=== Task to carry out ===
Give every line below again, exactly as it appears.

START Task input

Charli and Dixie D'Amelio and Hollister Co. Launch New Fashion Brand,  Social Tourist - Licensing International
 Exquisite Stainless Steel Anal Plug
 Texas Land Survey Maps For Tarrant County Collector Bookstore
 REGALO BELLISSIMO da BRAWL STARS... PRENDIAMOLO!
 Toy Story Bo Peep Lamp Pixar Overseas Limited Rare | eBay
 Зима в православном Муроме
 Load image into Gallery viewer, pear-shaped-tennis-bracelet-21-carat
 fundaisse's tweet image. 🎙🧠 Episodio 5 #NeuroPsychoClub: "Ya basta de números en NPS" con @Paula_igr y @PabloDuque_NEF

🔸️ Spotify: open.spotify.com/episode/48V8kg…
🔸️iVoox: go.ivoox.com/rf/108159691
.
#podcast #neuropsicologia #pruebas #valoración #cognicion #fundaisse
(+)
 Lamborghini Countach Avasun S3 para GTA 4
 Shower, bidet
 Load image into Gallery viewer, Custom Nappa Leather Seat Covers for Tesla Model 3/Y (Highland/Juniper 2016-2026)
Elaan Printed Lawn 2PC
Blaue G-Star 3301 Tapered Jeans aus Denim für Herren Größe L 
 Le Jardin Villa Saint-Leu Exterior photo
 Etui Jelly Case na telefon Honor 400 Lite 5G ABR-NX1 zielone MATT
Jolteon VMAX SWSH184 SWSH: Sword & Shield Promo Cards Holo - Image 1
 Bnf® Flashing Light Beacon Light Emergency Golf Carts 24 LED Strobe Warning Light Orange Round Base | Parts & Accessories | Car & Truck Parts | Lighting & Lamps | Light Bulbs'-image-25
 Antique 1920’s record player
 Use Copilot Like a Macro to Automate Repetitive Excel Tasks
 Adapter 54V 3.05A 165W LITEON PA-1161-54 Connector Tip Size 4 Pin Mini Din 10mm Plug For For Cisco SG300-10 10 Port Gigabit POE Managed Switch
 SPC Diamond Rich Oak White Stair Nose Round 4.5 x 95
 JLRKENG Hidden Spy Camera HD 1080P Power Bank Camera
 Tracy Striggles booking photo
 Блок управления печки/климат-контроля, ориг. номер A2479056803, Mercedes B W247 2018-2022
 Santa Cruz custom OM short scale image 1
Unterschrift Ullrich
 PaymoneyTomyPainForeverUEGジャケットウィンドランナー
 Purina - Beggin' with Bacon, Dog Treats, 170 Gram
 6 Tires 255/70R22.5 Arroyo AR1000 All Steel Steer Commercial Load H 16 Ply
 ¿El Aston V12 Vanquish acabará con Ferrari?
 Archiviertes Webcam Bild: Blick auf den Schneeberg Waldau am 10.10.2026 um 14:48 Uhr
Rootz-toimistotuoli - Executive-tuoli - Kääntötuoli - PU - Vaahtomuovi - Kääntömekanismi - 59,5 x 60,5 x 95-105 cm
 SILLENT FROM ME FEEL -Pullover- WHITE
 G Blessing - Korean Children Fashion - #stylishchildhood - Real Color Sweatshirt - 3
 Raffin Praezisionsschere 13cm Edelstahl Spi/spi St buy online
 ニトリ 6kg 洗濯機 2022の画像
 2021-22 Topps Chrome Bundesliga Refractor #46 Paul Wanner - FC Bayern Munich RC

END Task input

=== Response to this exercise ===
Charli and Dixie D'Amelio and Hollister Co. Launch New Fashion Brand,  Social Tourist - Licensing International
 Exquisite Stainless Steel Anal Plug
 Texas Land Survey Maps For Tarrant County Collector Bookstore
 REGALO BELLISSIMO da BRAWL STARS... PRENDIAMOLO!
 Toy Story Bo Peep Lamp Pixar Overseas Limited Rare | eBay
 Зима в православном Муроме
 Load image into Gallery viewer, pear-shaped-tennis-bracelet-21-carat
 fundaisse's tweet image. 🎙🧠 Episodio 5 #NeuroPsychoClub: "Ya basta de números en NPS" con @Paula_igr y @PabloDuque_NEF

🔸️ Spotify: open.spotify.com/episode/48V8kg…
🔸️iVoox: go.ivoox.com/rf/108159691
.
#podcast #neuropsicologia #pruebas #valoración #cognicion #fundaisse
(+)
 Lamborghini Countach Avasun S3 para GTA 4
 Shower, bidet
 Load image into Gallery viewer, Custom Nappa Leather Seat Covers for Tesla Model 3/Y (Highland/Juniper 2016-2026)
Elaan Printed Lawn 2PC
Blaue G-Star 3301 Tapered Jeans aus Denim für Herren Größe L 
 Le Jardin Villa Saint-Leu Exterior photo
 Etui Jelly Case na telefon Honor 400 Lite 5G ABR-NX1 zielone MATT
Jolteon VMAX SWSH184 SWSH: Sword & Shield Promo Cards Holo - Image 1
 Bnf® Flashing Light Beacon Light Emergency Golf Carts 24 LED Strobe Warning Light Orange Round Base | Parts & Accessories | Car & Truck Parts | Lighting & Lamps | Light Bulbs'-image-25
 Antique 1920’s record player
 Use Copilot Like a Macro to Automate Repetitive Excel Tasks
 Adapter 54V 3.05A 165W LITEON PA-1161-54 Connector Tip Size 4 Pin Mini Din 10mm Plug For For Cisco SG300-10 10 Port Gigabit POE Managed Switch
 SPC Diamond Rich Oak White Stair Nose Round 4.5 x 95
 JLRKENG Hidden Spy Camera HD 1080P Power Bank Camera
 Tracy Striggles booking photo
 Блок управления печки/климат-контроля, ориг. номер A2479056803, Mercedes B W247 2018-2022
 Santa Cruz custom OM short scale image 1
Unterschrift Ullrich
 PaymoneyTomyPainForeverUEGジャケットウィンドランナー
 Purina - Beggin' with Bacon, Dog Treats, 170 Gram
 6 Tires 255/70R22.5 Arroyo AR1000 All Steel Steer Commercial Load H 16 Ply
 ¿El Aston V12 Vanquish acabará con Ferrari?
 Archiviertes Webcam Bild: Blick auf den Schneeberg Waldau am 10.10.2026 um 14:48 Uhr
Rootz-toimistotuoli - Executive-tuoli - Kääntötuoli - PU - Vaahtomuovi - Kääntömekanismi - 59,5 x 60,5 x 95-105 cm
 SILLENT FROM ME FEEL -Pullover- WHITE
 G Blessing - Korean Children Fashion - #stylishchildhood - Real Color Sweatshirt - 3
 Raffin Praezisionsschere 13cm Edelstahl Spi/spi St buy online
 ニトリ 6kg 洗濯機 2022の画像
 2021-22 Topps Chrome Bundesliga Refractor #46 Paul Wanner - FC Bayern Munich RC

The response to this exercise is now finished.